What are the major American parties doing about this? Essentially nothing since 1997, when Al Gore personally engineered the Kyoto Protocol. The last major climate treaty conference was held in Copenhagen in 2009. To paraphrase Wall Street Occupiers, in Copenhagen we got “sold out” by Obama and those G20 countries which followed his lead. Here is what Naomi Klein reported at that time:

Contrary to countless reports, the debacle in Copenhagen was not everyone's fault. It did not happen because human beings are incapable of agreeing, or are inherently self-destructive. Nor was it all was China's fault, or the fault of the hapless UN.
There's plenty of blame to go around, but there was one country that possessed unique power to change the game. It didn't use it. If Barack Obama had come to Copenhagen with a transformative and inspiring commitment to getting the US economy off fossil fuels, all the other major emitters would have stepped up. The EU, Japan, China and India had all indicated that they were willing to increase their levels of commitment, but only if the US took the lead. Instead of leading, Obama arrived with embarrassingly low targets and the heavy emitters of the world took their cue from him.

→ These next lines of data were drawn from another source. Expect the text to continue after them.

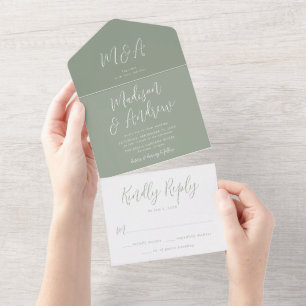Einfache Schrift Sage Grün Hochzeit All In One Einladung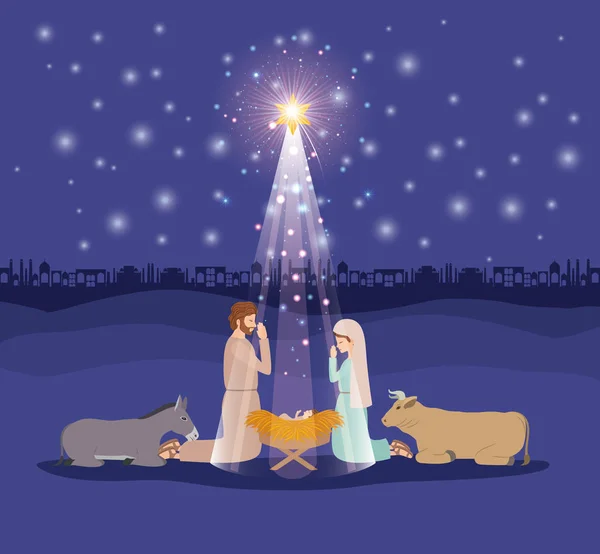 Tarjeta de Navidad con la sagrada familia y los animales — Vector de stock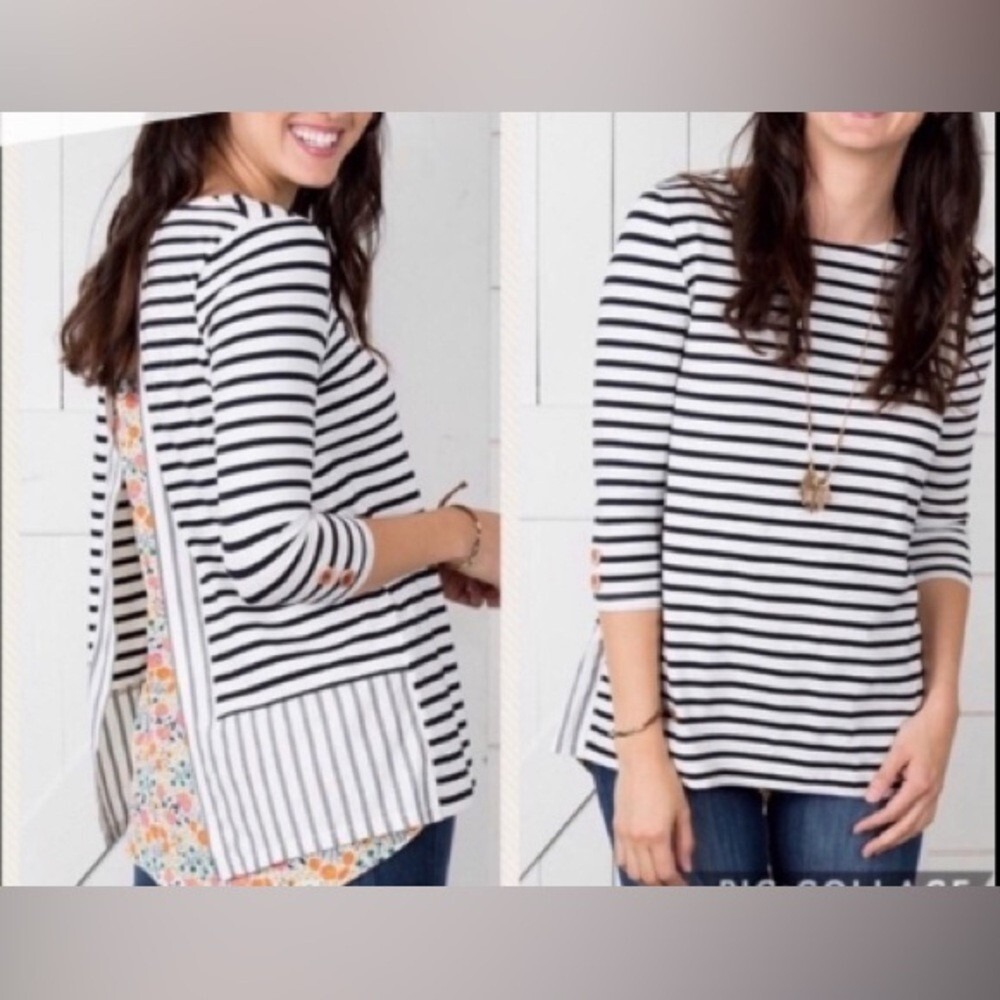 Matilda‎ Jane Joanna Gaines Striped Floral Mixed Media Top Small Black White S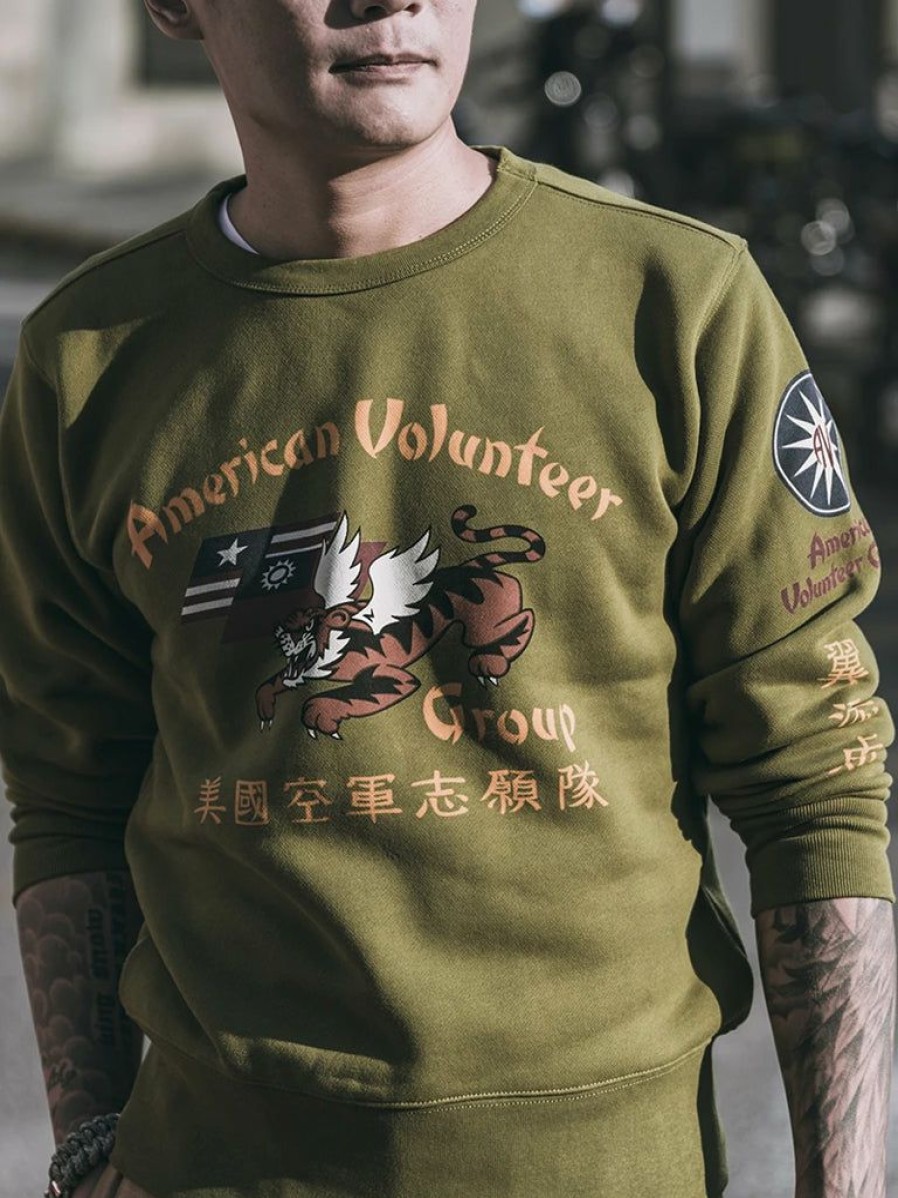 Tops * | Non Stock Flying Tigers Military Print Sweatshirt Olive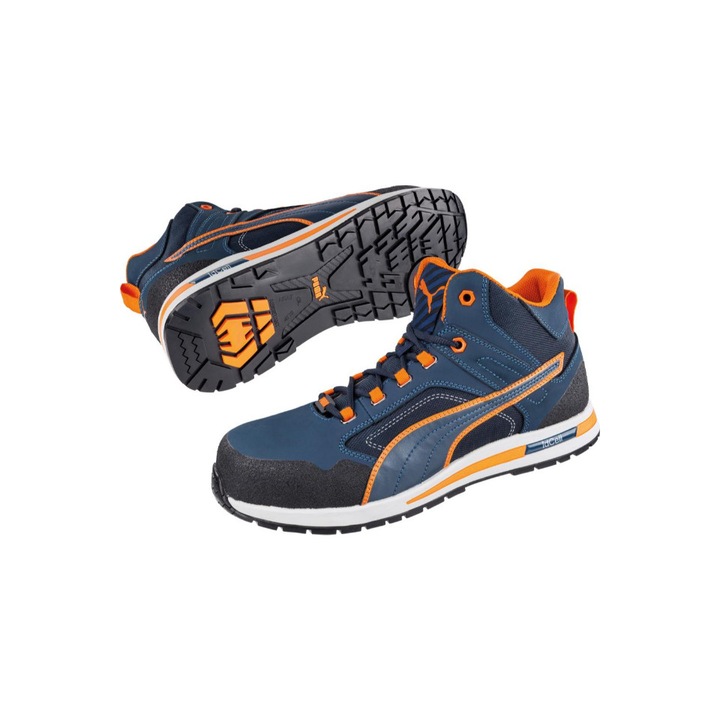 Предпазни обувки Puma, Crosstwist Mid, кожа набук, S3 SRC, устойчивост на пробиване, многоцветни, 43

(The "deal" that was ultimately rammed through was nothing more than a grubby pact between the world's biggest emitters: I'll pretend that you are doing something about climate change if you pretend that I am too. Deal? Deal.)


http://www.guardian.co.uk/commentisfree/cif-green/2009/dec/21/copenhagen-failure-obama-climate-change

Remember Obama's campaign promise to make climate change a high priority and Al Gore would be a key player in that policy? Big Lie. Of course, the GOP is even worse in that regard. Suffice it to say that BOTH parties are advocating for the death of billions of people on this issue.

Some will say that it's too late, let's all just be cynical about humanity. I say that while there is life, there is hope. What gives some of us hope? The Occupy movement and its attempt at raising global consciousness to a sufficient degree to begin fighting for the continuation of world civilization by starting with a paradigm shift. But meanwhile, we have taken a huge step backward in educating the public to this apocalyptic threat. Once again Naomi Klein:

But the effects of the right-wing climate conspiracies reach far beyond the Republican Party. The Democrats have mostly gone mute on the subject, not wanting to alienate independents. And the media and culture industries have followed suit. Five years ago, celebrities were showing up at the Academy Awards in hybrids, Vanity Fair launched an annual green issue and, in 2007, the three major US networks ran 147 stories on climate change. No longer. In 2010 the networks ran just thirty-two climate change stories; limos are back in style at the Academy Awards; and the “annual” Vanity Fair green issue hasn’t been seen since 2008.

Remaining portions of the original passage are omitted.